The expression “forest bathing” comes from a Japanese term coined as recently as the 1980s. “Shinrin-yoku” translates to “forest therapy,” or, “the medicine of being in the forest.”
Of course, appreciating the tranquillity of woodsy surroundings dates back much farther than Pac-Man and Flock of Seagulls hairstyles. For as long as people have been living in the cramped conditions of cities, they’ve been looking for reasons to escape them. Nineteenth-century philosopher Friedrich Nietzsche often strolled in nature for more than four hours a day, and he credited the habit with allowing him to conceive his world-changing theories. Nature-loving has been a common trait among other big thinkers too, including psychoanalyst Carl Jung, Albert Einstein, and Aristotle, who taught his students while walking through the wooded hills of ancient Greece.
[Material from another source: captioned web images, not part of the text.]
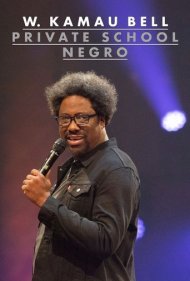 دانلود فیلم W. Kamau Bell: Private School Negro سال 2018 - دبلیو. کامائو بل: سیاه‌پوست مدرسه خصوصی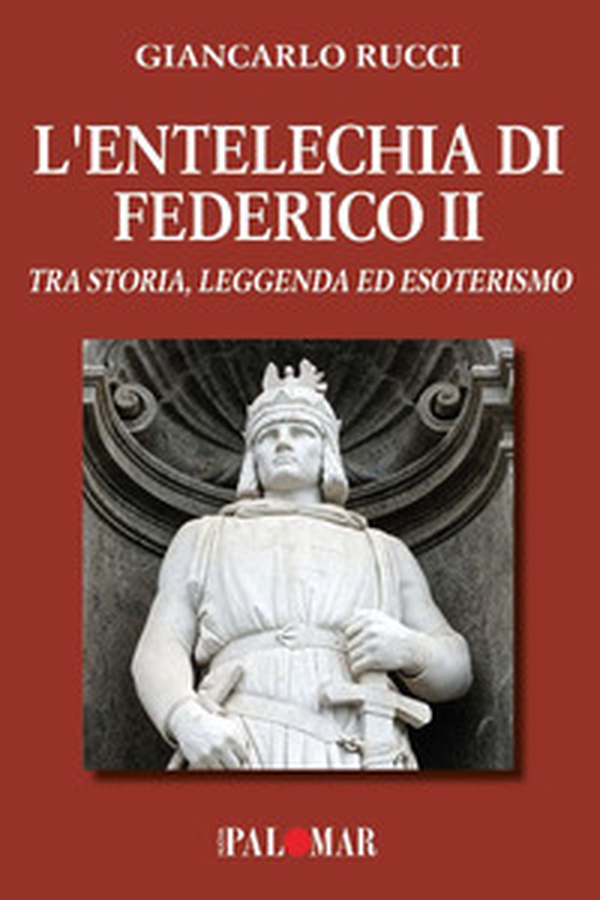 L'entelechia di Federico II. Tra storia leggenda ed esoterismo - Librerie.coop L'entelechia di Federico II. Tra storia leggenda ed esoterismo - Librerie.coop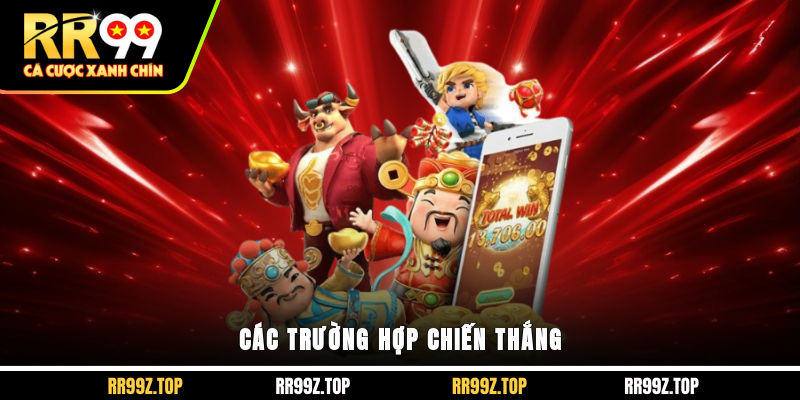 Các trường hợp chiến thắng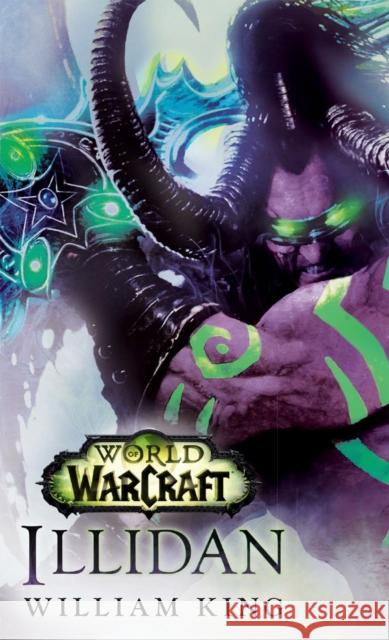 Illidan: World of Warcraft: A Novel William King 9780399177576 Del Rey Books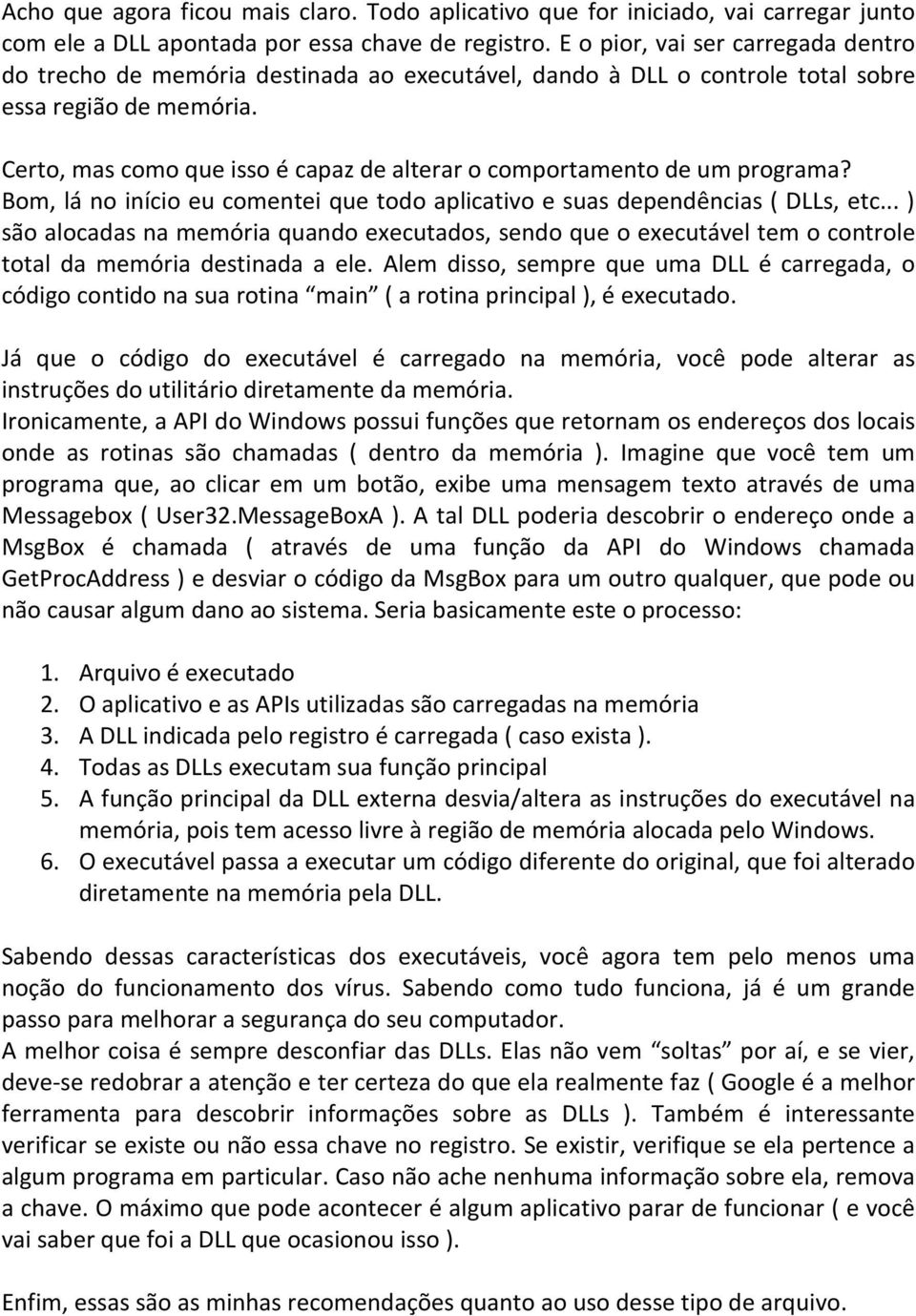 Certo, mas como que isso é capaz de alterar o comportamento de um programa? Bom, lá no início eu comentei que todo aplicativo e suas dependências ( DLLs, etc.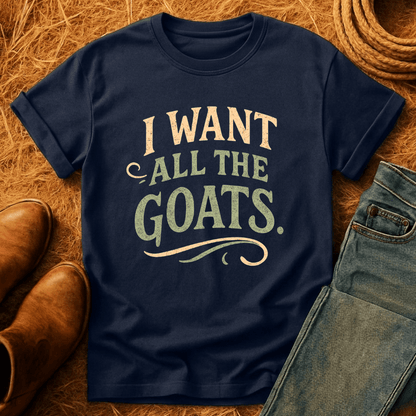 Want All The Goats T-Shirt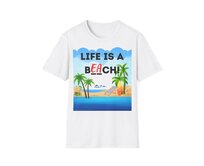 Unisex tričko - Life is a Beach! - Vtipné triko, různé barvy - White, S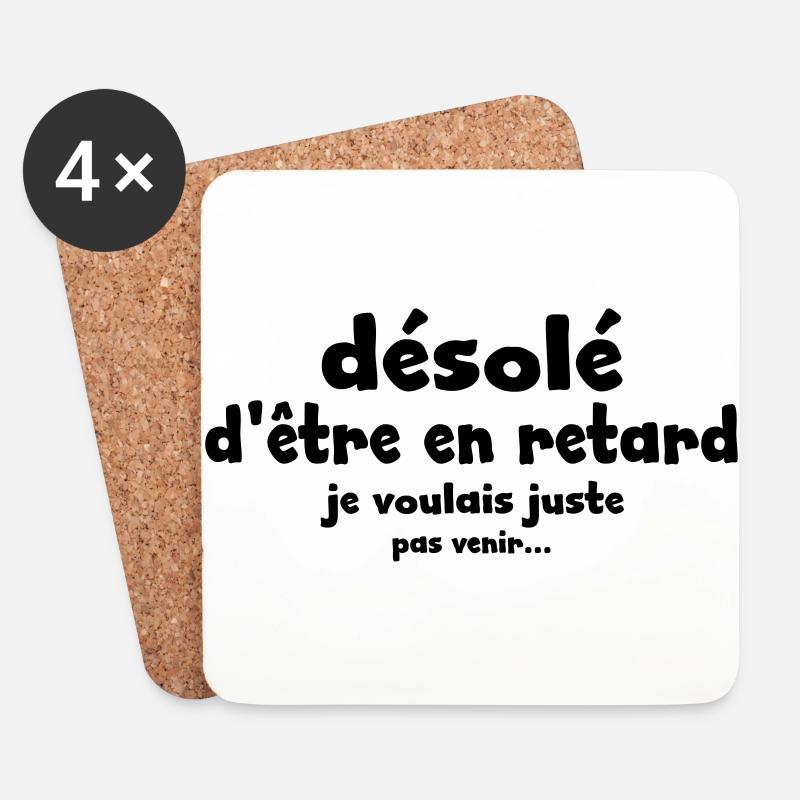 désolé d'être en retard - Dessous de verre (lot de 4) - blanc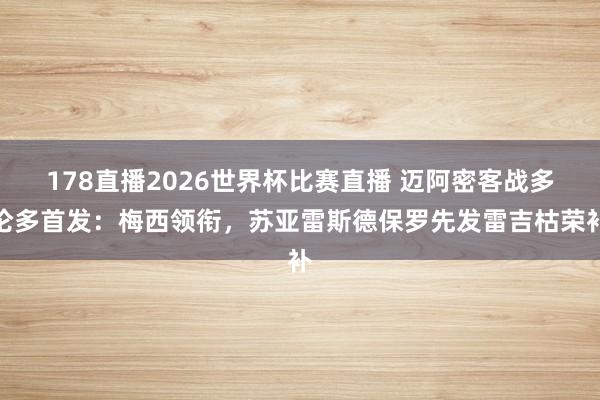 178直播2026世界杯比赛直播 迈阿密客战多伦多首发：梅西领衔，苏亚雷斯德保罗先发雷吉枯荣补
But it wasn’t until the 80s that famed biologist/naturalist E.O. Wilson started writing about “biophilia”—the concept that humans evolved from nature and so have a deep longing to maintain a connection to it. The clamour of urban life, Wilson hypothesized, was getting in the way of us satisfying this primal instinct, and many city dwellers rarely, if ever, spend any substantial length of time in natural settings.
Half a world away from Wilson’s office in Cambridge, Massachusetts, Japanese researchers were coming to similar conclusions, leading to the government making shinrin-yoku part of its national healthcare plan. While two-thirds of the country is covered in trees, the explosive growth of major cities like Tokyo and Kyoto, and widespread rural-to-urban migration, meant that many Japanese people were losing their connection to the agrarian settings their families had thrived in for centuries.
In his aptly titled book, Forest Bathing, Qing Li, a medical doctor at Tokyo’s Nippon Medical School and chairman of the Japanese Society for Forest Medicine, reveals that the Japanese capital is now the world’s most crowded city, with 13.5 million people and 6,158 people per square kilometre (for some perspective, London has 1,500 people per square km, New York 1,800, and Paris 2,844). Not surprisingly, such population density makes it hard for residents to find peace and quiet. The subways are so jam-packed during rush hour that white-gloved oshiya (professional “pushers”) have to shove commuters into overcrowded carriages. And yet, Li writes that he is able to seek solace in the midst of the mayhem by retreating to tree-lined parks to take a daily walk. “This is not exercise, or hiking, or jogging,” he explains. “It is simply being in nature—connecting with it through our sense of sight, hearing, taste, smell, and touch.”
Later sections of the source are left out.